[Data excerpts]

■ ■ ■ ■ ■ ■ ■

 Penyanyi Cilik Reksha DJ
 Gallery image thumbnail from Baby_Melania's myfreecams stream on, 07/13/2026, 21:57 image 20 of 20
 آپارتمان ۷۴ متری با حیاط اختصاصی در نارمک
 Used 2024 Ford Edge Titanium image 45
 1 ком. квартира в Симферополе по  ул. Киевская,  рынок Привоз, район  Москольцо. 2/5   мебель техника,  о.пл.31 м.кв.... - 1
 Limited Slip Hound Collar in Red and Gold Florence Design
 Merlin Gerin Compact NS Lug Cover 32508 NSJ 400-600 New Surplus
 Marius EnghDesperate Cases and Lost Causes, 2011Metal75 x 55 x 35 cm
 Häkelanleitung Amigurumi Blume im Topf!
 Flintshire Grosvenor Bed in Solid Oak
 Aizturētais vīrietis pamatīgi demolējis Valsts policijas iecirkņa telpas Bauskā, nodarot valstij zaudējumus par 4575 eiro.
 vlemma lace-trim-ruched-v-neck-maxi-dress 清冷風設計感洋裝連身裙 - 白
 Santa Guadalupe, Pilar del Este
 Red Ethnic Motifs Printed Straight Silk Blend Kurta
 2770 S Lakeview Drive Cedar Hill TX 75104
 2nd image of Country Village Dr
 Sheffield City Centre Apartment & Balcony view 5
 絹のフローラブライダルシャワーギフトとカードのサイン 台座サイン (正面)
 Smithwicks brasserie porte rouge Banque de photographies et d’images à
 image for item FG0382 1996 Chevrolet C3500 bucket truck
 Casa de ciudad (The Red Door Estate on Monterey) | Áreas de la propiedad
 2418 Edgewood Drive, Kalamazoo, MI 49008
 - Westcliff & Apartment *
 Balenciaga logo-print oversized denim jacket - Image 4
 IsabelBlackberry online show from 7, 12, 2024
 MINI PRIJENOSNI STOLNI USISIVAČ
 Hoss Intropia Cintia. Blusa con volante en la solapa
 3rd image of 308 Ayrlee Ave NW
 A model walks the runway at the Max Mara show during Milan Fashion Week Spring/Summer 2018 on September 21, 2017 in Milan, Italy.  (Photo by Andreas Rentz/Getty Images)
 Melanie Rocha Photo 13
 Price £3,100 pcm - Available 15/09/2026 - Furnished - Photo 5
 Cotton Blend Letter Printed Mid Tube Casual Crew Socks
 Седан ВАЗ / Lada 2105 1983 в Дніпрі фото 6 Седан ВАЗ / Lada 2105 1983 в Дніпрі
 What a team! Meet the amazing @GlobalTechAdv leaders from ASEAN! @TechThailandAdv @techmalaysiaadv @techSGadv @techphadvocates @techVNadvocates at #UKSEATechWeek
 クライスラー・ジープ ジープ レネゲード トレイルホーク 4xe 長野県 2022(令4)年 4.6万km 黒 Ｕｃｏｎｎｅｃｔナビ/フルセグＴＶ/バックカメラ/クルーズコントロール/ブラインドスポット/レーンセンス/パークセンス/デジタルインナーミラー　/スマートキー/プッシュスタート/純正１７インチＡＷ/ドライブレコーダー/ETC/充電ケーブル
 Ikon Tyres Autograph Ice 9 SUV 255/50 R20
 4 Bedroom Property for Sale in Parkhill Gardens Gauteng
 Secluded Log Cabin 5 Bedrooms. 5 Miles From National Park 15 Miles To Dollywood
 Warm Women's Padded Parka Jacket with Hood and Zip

■ ■ ■ ■ ■ ■ ■

ACTIVITY » Look above for the line holding "MINI PRIJENOSNI STOLNI USISIVAČ". Print it and every line after it, exactly, through the line holding "Price £3,100 pcm".

FINISHED TASK »
 MINI PRIJENOSNI STOLNI USISIVAČ
 Hoss Intropia Cintia. Blusa con volante en la solapa
 3rd image of 308 Ayrlee Ave NW
 A model walks the runway at the Max Mara show during Milan Fashion Week Spring/Summer 2018 on September 21, 2017 in Milan, Italy.  (Photo by Andreas Rentz/Getty Images)
 Melanie Rocha Photo 13
 Price £3,100 pcm - Available 15/09/2026 - Furnished - Photo 5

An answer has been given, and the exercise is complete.